Trump-Netanyahu Memanas, AS Mendadak Tunda Serangan ke Iran
![]() |
| Netanyahu mendesak operasi militer dilanjutkan, sementara Trump memilih membuka jalur negosiasi dengan Teheran. |
WASHINGTON, bbiterkini – Ketegangan pecah antara Presiden Amerika Serikat Donald Trump dan Perdana Menteri Israel Benjamin Netanyahu terkait perang Iran. Trump memilih menahan serangan militer, sementara Netanyahu mendorong operasi besar-besaran segera dilancarkan.
Kedua pemimpin sekutu itu dilaporkan terlibat percakapan telepon penuh tensi pada Selasa (19/5/2026) saat membahas masa depan operasi terhadap Iran. Netanyahu disebut mendesak serangan diperluas, sedangkan Trump masih membuka peluang penyelesaian lewat jalur diplomasi.
Laporan sejumlah media AS seperti TRT World, CNN, dan Axios menyebut ketegangan muncul hanya beberapa hari setelah Trump memberi sinyal siap melancarkan serangan baru terhadap Iran dalam percakapan telepon sebelumnya pada Minggu (17/5).
Namun secara mengejutkan, Trump kemudian membatalkan rencana serangan AS yang dijadwalkan berlangsung Selasa waktu setempat. Keputusan itu disebut dipengaruhi permintaan sejumlah sekutu utama Washington di kawasan Teluk, termasuk Qatar, Arab Saudi, dan Uni Emirat Arab, yang meminta eskalasi perang dihentikan.
Netanyahu Sebut Penundaan Serangan Sebagai Kesalahan
Dalam percakapan telepon yang berlangsung sekitar satu jam, Netanyahu dikabarkan menilai keputusan menunda serangan terhadap Iran sebagai langkah keliru. Ia bahkan mendesak Trump tetap melanjutkan operasi militer sesuai rencana awal.
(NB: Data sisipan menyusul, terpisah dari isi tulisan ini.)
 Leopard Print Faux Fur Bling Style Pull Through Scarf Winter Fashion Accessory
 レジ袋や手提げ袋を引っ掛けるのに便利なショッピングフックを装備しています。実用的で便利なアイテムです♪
“Perbedaan itu jelas, Trump ingin melihat apakah kesepakatan dapat dicapai, tetapi Netanyahu mengharapkan sesuatu yang lain,” ujar seorang pejabat Israel kepada CNN tanpa menyebut identitasnya.
Media Axios menjadi pihak pertama yang mengungkap isi percakapan panas tersebut.
Trump pada Rabu (20/5) menegaskan negosiasi AS dengan Iran kini memasuki tahap akhir.
“Kita berada dalam tahap akhir negosiasi dengan Iran. Kita lihat saja apa yang akan terjadi,” kata Trump kepada wartawan.
“Kita akan mencapai kesepakatan atau kita akan melakukan beberapa hal yang sedikit kasar. Tetapi mudah-mudahan itu tidak akan terjadi,” sambungnya.
Lingkaran Netanyahu Mulai Frustrasi
Sumber lain yang dikutip CNN menyebut lingkaran dalam Netanyahu mulai frustrasi terhadap langkah Trump yang dianggap terlalu memberi ruang diplomasi bagi Teheran.
Pejabat senior Israel disebut terus mendesak agar serangan baru segera dilancarkan. Mereka menilai penundaan operasi justru memperkuat posisi Iran di tengah meningkatnya ketegangan kawasan Timur Tengah.
Perselisihan Trump dan Netanyahu terkait Iran sebenarnya bukan kali pertama terjadi. Sejumlah pejabat AS sebelumnya juga mengakui kedua pemimpin tidak selalu memiliki visi yang sama dalam menghadapi Teheran.
Meski demikian, Trump menegaskan dirinya tetap memegang kendali penuh atas arah kebijakan Washington maupun koordinasi dengan Israel.
“Dia akan melakukan apa pun yang saya inginkan,” tegas Trump saat ditanya soal hubungannya dengan Netanyahu.